The problem comes in from outside factors - namely the secondary characters. Billy is the baby of a family that is full of disreputable characters. After he and Esme hit the road, his outlaw brothers find them and Billy tells Esme to trust him, ties her up and gags her in order to protect her. Why? Because Dear Old Brothers ask if they can have a go at her after Billy is done with her. Esme proceeds to be terrified, Billy says no I don't like to share, and then they proceed to fool his brothers with some well placed moaning and groaning. And throughout the course of the book, as the plot advances forward, Esmerelda keeps having to spend time in the company of the Darling Gang. And as the reader I'm just to supposed to forget about this introduction?! Not to mention baby brother Bartholomew who....ugh. I could get past most of it during the reading of the book, but then we get a rosy, sunshiney sort of ending and I'm sorry - I can't get over the fact that Bartholomew is an asshole and Billy's brothers wanted to rape Esmerelda - well at least until they found out she could play "purdy music" on her violin.

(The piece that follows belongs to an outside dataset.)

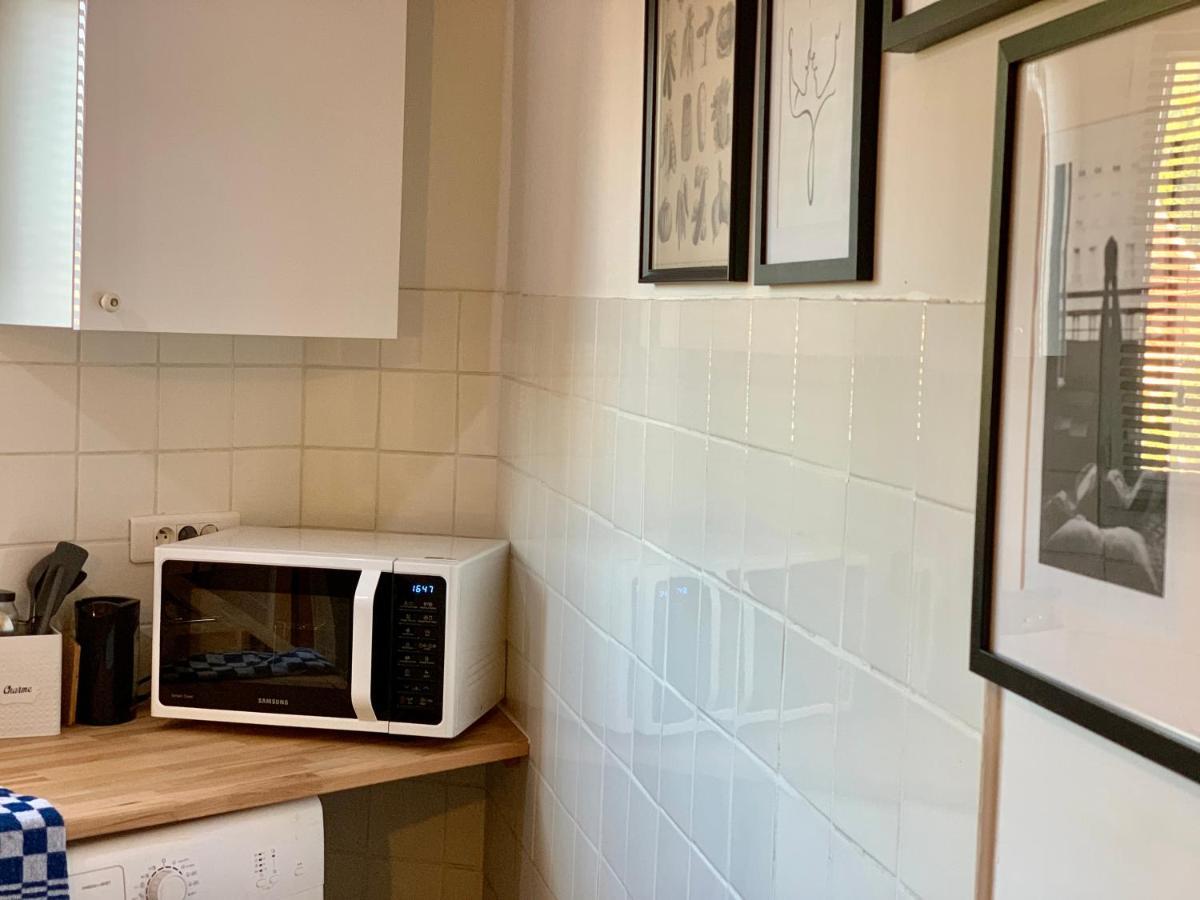 Superbe Appartement Avec Parking Gratuit Sur Place Σαιν-Ντενί Εξωτερικό φωτογραφία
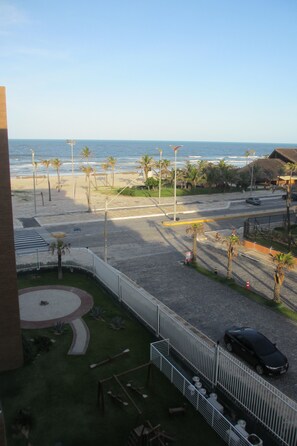 Vista desde la habitación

Oh, and did I mention the Darling boys (including Billy) rode with Quantrill and Bloody Bill Anderson? Look, I get it. History is written by the victors and just as many people believe Quantrill and Anderson were folk heroes as those who believe they were psychopaths. Here they are merely name-dropped. They are neither addressed as villains or heroes - but they are addressed in relation to the hero of a romance novel. Did I mention I was born and raised north of the Mason-Dixon? Yeah, issues. I haz them.
If you can get past the secondary characters who put the "problem" in "problematic elements" - the main romance itself is fairly light and charming. Esme and Billy have a nice banter and I'm a sucker for a road romance. There are moments in the story where both characters have to reconcile with their pasts and also address the fact that a Duke's daughter is just a wee smidge out of the league of a bounty hunter who wants to be a lawman.

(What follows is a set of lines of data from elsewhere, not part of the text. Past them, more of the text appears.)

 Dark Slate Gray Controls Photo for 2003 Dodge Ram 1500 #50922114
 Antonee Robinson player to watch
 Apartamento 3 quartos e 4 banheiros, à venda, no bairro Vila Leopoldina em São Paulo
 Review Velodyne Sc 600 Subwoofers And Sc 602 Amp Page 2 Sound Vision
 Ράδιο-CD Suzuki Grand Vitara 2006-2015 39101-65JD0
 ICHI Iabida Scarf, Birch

I did feel at times the pacing suffered a bit (Part III of the book dragged on too long for me) and the villain is pretty thinly drawn, mostly serving as a device to move our couple through the plot and towards the happy ending. All of this sounds like I disliked the book, which I didn't. What ended up elevating it for me? The actual text. The actual book. We live in a world where yes, self-publishing is wonderful and traditional publishers are asking authors to keep up frenetic writing paces. As the reader? I don't always get a quality product. I'm sorry authors - but y'all know I'm speaking some truth right now. Nobody's Darling reads like a book that everybody took their time on. The author took time and care writing it. Her editor took time and care EDITING it. It's not even the best book I've ever read, but it reads like a frackin' masterpiece now - 17 years after it's publication date. It is, creatively speaking, a well-put-together story. Start to finish. I had real, obvious, issues with the book - truly I did - but not once did I contemplate DNF'ing this. I kept reading it because Medeiros MADE ME want to keep reading it.

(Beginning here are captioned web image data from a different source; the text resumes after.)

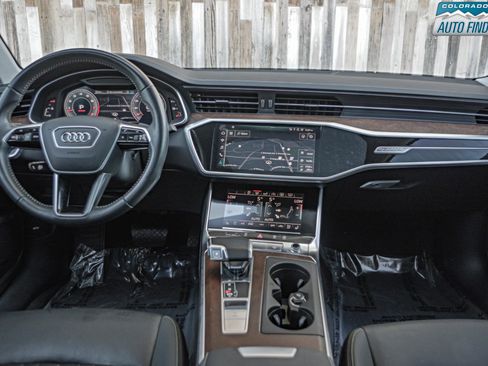 Used 2019 Audi A6 3.0T Premium Plus w/ Premium Plus Package AWD/4WD image 17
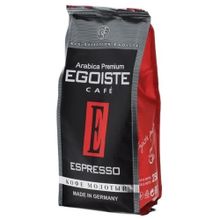 Кофе молотый Egoiste Espresso 250 г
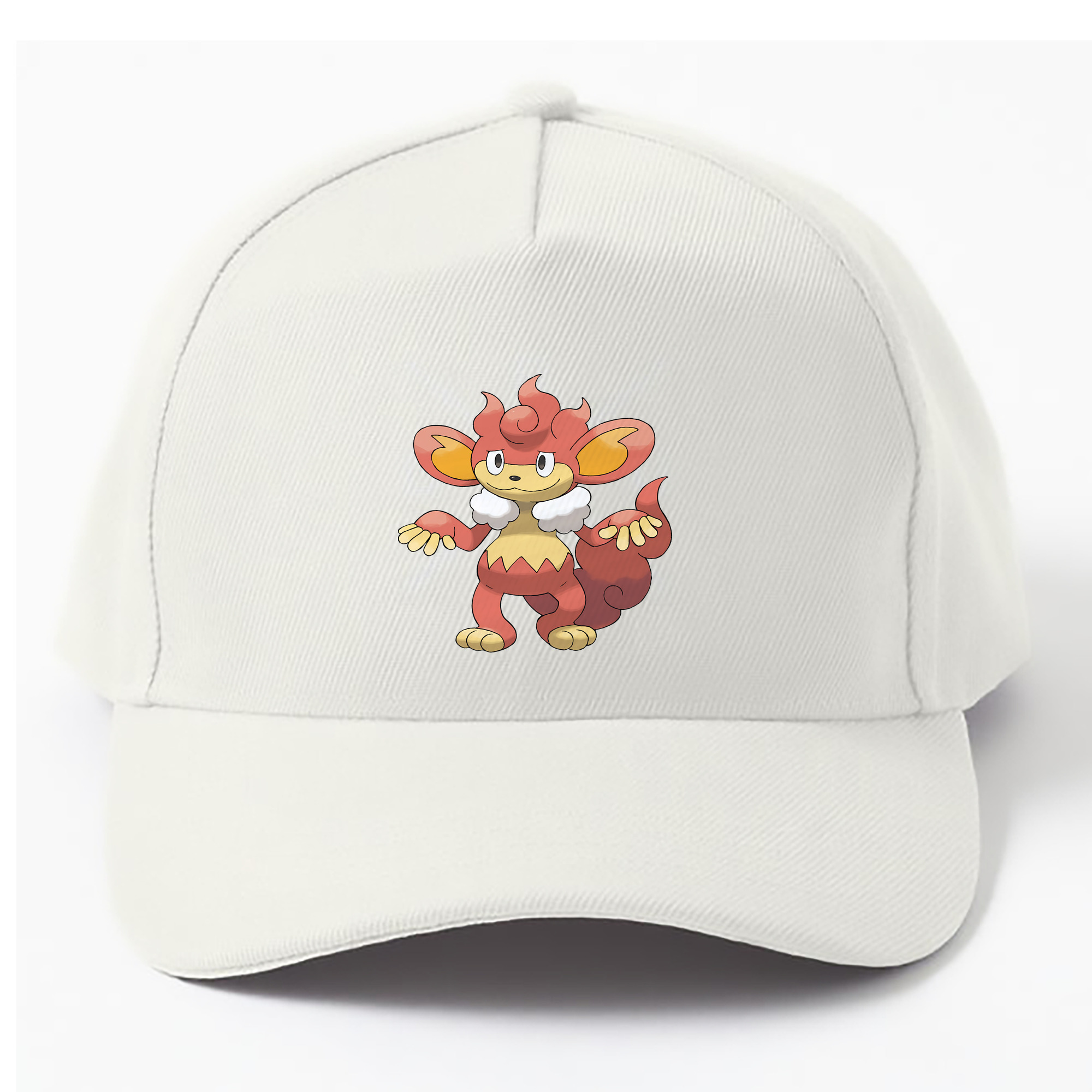 （画像用） ポケットモンスター Pokémon ベースボールキャップ 綿100％ 男女兼用 帽子 スポーツ
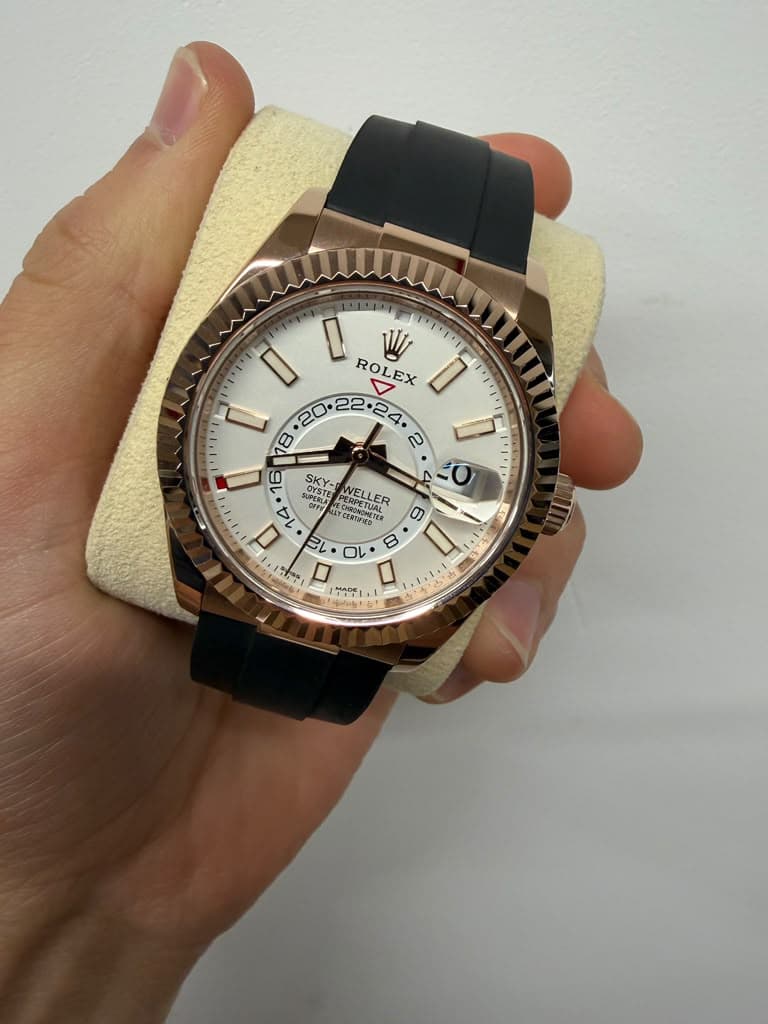 Rolex Sky-Dweller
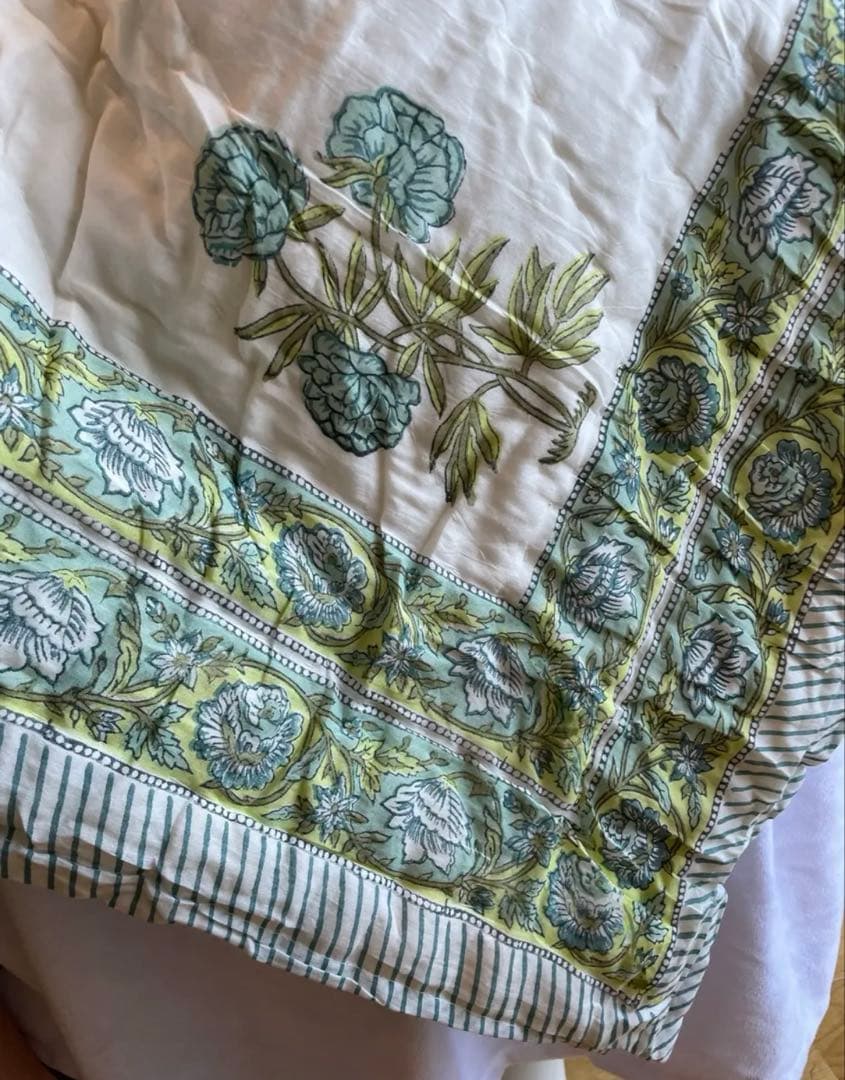 ソファカバー hana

So for that reason alone? I'm probably going to slap this with a higher grade than I suspect most of you think I should. The issues that bothered me (ugh, the Darling Gang!) are things that probably won't bother other readers and admittedly probably wouldn't have bothered me 16 years ago. But I'm older and crankier now - and bother me they did. Still, I think this is one worth reading and could totally see it as a "gateway western" for romance readers who don't normally go for the setting.